[libvirt] [PATCH 3/5] qemu: prefer memfd for anonymous memory

Marc-André Lureau marcandre.lureau at redhat.com
Tue Sep 11 07:53:57 UTC 2018


Hi

On Tue, Sep 11, 2018 at 2:46 AM, John Ferlan <jferlan at redhat.com> wrote:
>
> On 09/07/2018 07:32 AM, marcandre.lureau at redhat.com wrote:
>> From: Marc-André Lureau <marcandre.lureau at redhat.com>
>>
>
> Would be nice to have a few more words here. If you provide them I can
> add them... The if statement is difficult to read unless you know what
> each field really means.

hostmem-memfd is quite similar to hostmem-file. The main benefits are
that it doesn't need to create filesystem files, and it also enforces
sealing, providing a bit more safety.

> secondary question - should we document what gets used?, e.g.:
>
> https://libvirt.org/formatdomain.html#elementsMemoryBacking
>
> Seems to me the preference to use memfd is for memory backing using
> anonymous source for nvdimm's without a defined path, but sometimes my
> wording doesn't match reality.

Yes it could be documented.

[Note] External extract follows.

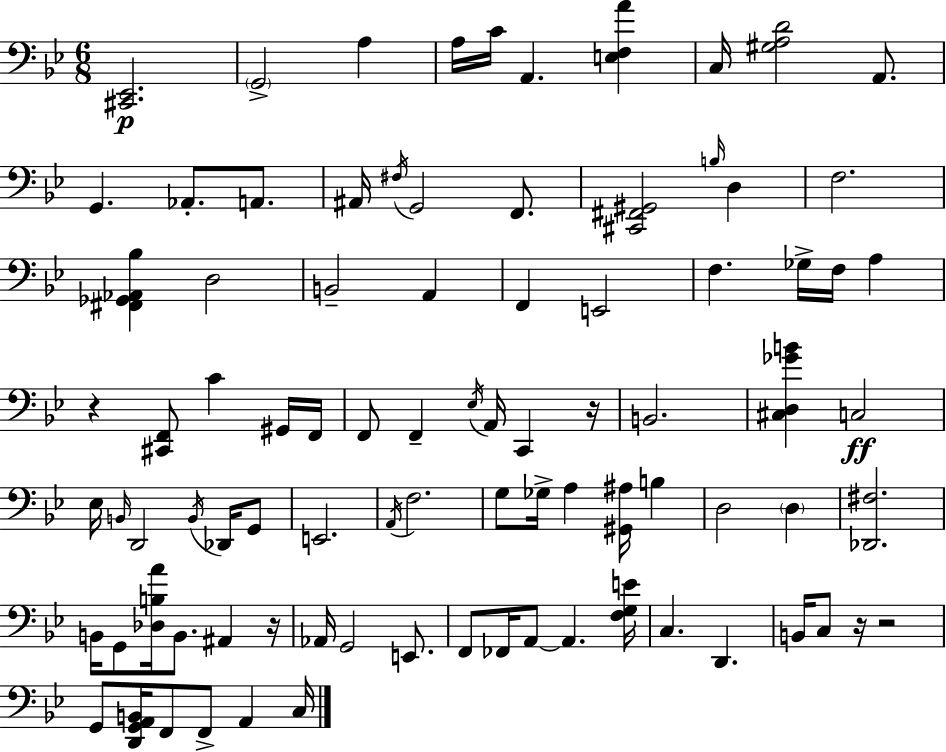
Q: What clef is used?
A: bass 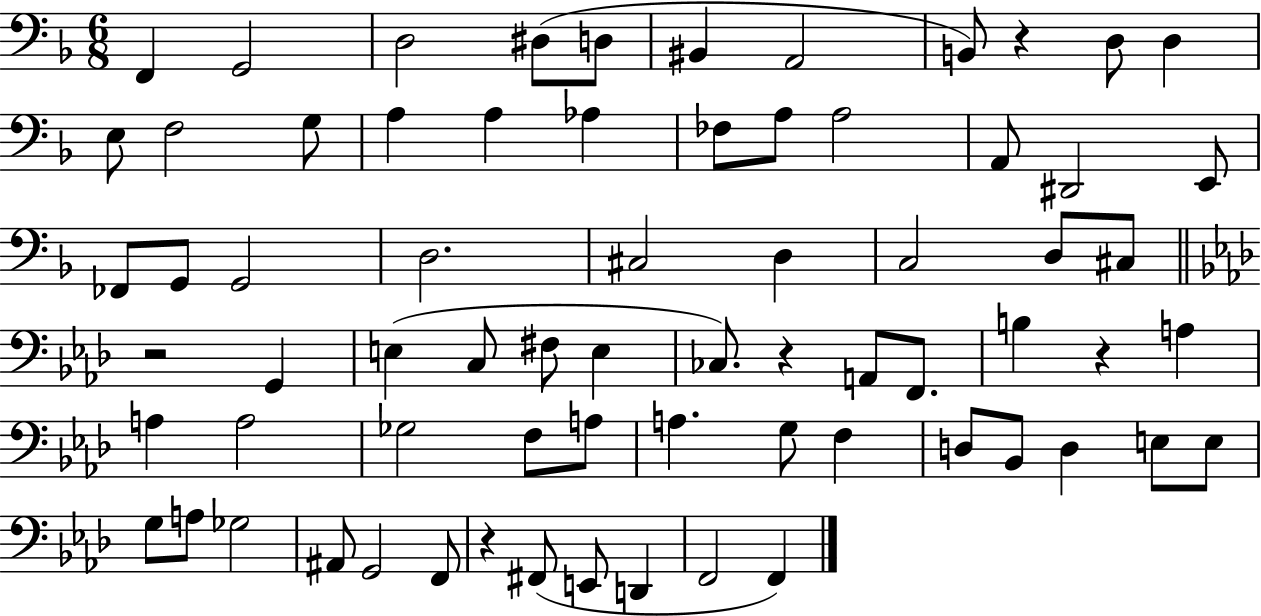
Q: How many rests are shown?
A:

But it's now an allocation decision that
could evolve, or an implementation detail.

Would you like to see something like that?

        <dt><code>source</code></dt>
-       <dd>In this attribute you can switch to file memorybacking or keep
-         default anonymous.</dd>
+       <dd>In this attribute you can switch to file memorybacking or
+       keep default anonymous. <span class="since">Since 4.8.0</span>,
+       when the memory is anonymous and the host supports it, libvirt
+       will use a memfd memory backing, providing additional safety
+       guarantees.
+       </dd>
        <dt><code>access</code></dt>


>
>> Signed-off-by: Marc-André Lureau <marcandre.lureau at redhat.com>
>> ---
>>  src/qemu/qemu_command.c | 61 +++++++++++++++++++++++++++++------------
>>  1 file changed, 43 insertions(+), 18 deletions(-)
>>
>> diff --git a/src/qemu/qemu_command.c b/src/qemu/qemu_command.c
>> index c9e3a91e32..97cfc8a18d 100644
>> --- a/src/qemu/qemu_command.c
>> +++ b/src/qemu/qemu_command.c
>> @@ -3113,6 +3113,24 @@ qemuBuildControllerDevCommandLine(virCommandPtr cmd,
>>      return ret;
>>  }
>>
>> +static int
>> +qemuBuildMemoryBackendPropsShare(virJSONValuePtr props,
>> +                                 virDomainMemoryAccess memAccess)
>> +{
>> +    switch (memAccess) {
>> +    case VIR_DOMAIN_MEMORY_ACCESS_SHARED:
>> +        return virJSONValueObjectAdd(props, "b:share", true, NULL);
>> +
>> +    case VIR_DOMAIN_MEMORY_ACCESS_PRIVATE:
>> +        return virJSONValueObjectAdd(props, "b:share", false, NULL);
>> +
>> +    case VIR_DOMAIN_MEMORY_ACCESS_DEFAULT:
>> +    case VIR_DOMAIN_MEMORY_ACCESS_LAST:
>> +        break;
>> +    }
>> +
>> +    return 0;
>> +}
>>
>>  /**
>>   * qemuBuildMemoryBackendProps:
>
> The comments should have been updated... In particular:
>
>   "Then, if one of the two memory-backend-* should be used..."
>
>> @@ -3259,7 +3277,23 @@ qemuBuildMemoryBackendProps(virJSONValuePtr *backendProps,
>>      if (!(props = virJSONValueNewObject()))
>>          return -1;
>>
>> -    if (useHugepage || mem->nvdimmPath || memAccess ||
>
> Is this preference over "-ram" or "-file"?  It would seem to me someone
> choosing "file" has a specific case and this is more for those other
> options where if capabilities exist, then we try to use them.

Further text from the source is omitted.